The Land Use Change statistical bulletin, published by the Department for Communities and Local Government, shows that the proportion of new dwellings built in high flood risk areas increased from 9% in 2005 to 10% a year later.
The bulletin follows last month's publication of the government-commissioned Pitt review, which recommended that there should be a "presumption" against building in areas at risk of inundation.
Shadow communities secretary Eric Pickles, responding to the figures, said: "We need to build more homes, but they must stand the test of time and be homes that families will actually want to live in.
"In years to come, I fear that many of these new developments may simply be uninsurable or blighted with exorbitant premiums.

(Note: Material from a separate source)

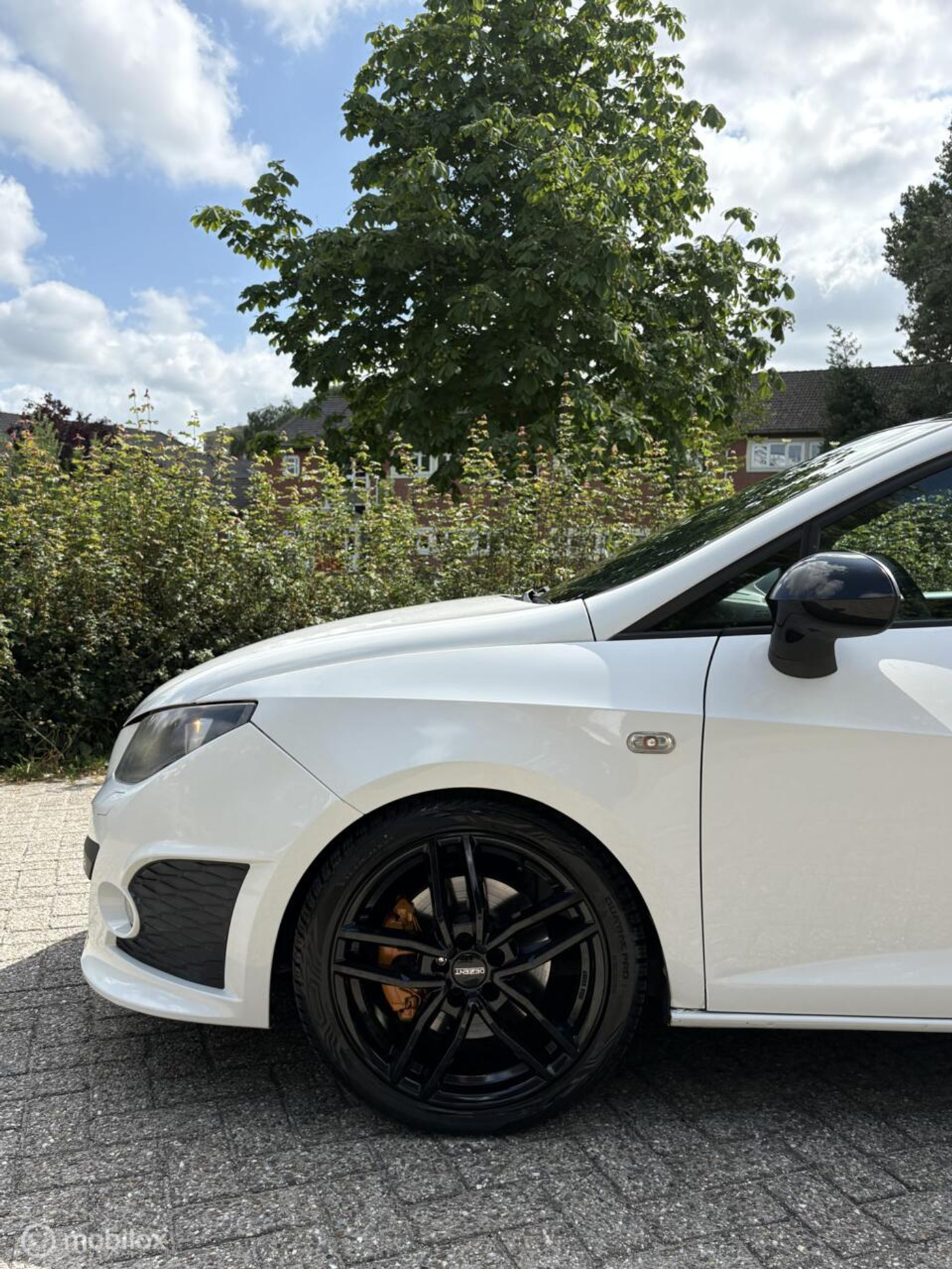 Foto van Seat Ibiza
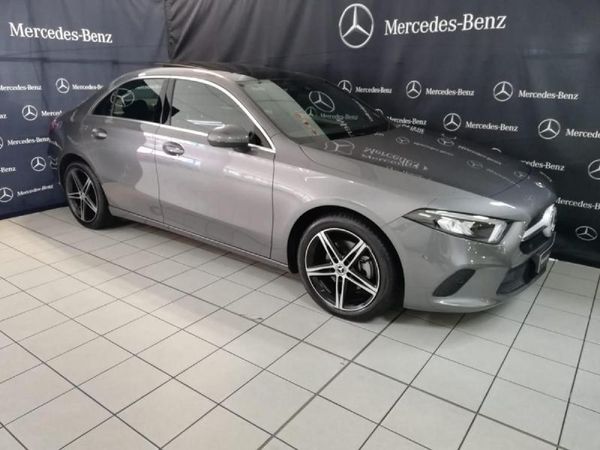 Used Mercedes-Benz A-Class A 200 progressive Sedan for sale in Western ...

Rather than delivering homes to high environmental standards, Labour is building the sink estates of the 21st Century."
The bulletin coincided with a major clean-up operation in the North Ayrshire town of Kilbirnie after torrential rain caused a river to burst its banks.
More than 30 firefighters were deployed to areas badly affected by flood water from the River Garnock.
The figures also show that the proportion of homes on brownfield sites dipped from 76 to 75%.
This fall, which continues a similarly small decline last year, reverses a long-term increase in the number of homes being developed on already developed sites.
And fears about so called "garden grabbing" development will be fuelled by figures showing that shows that the share of housing developed on previously-residential as opposed to vacant sites rose from 19 to 22%.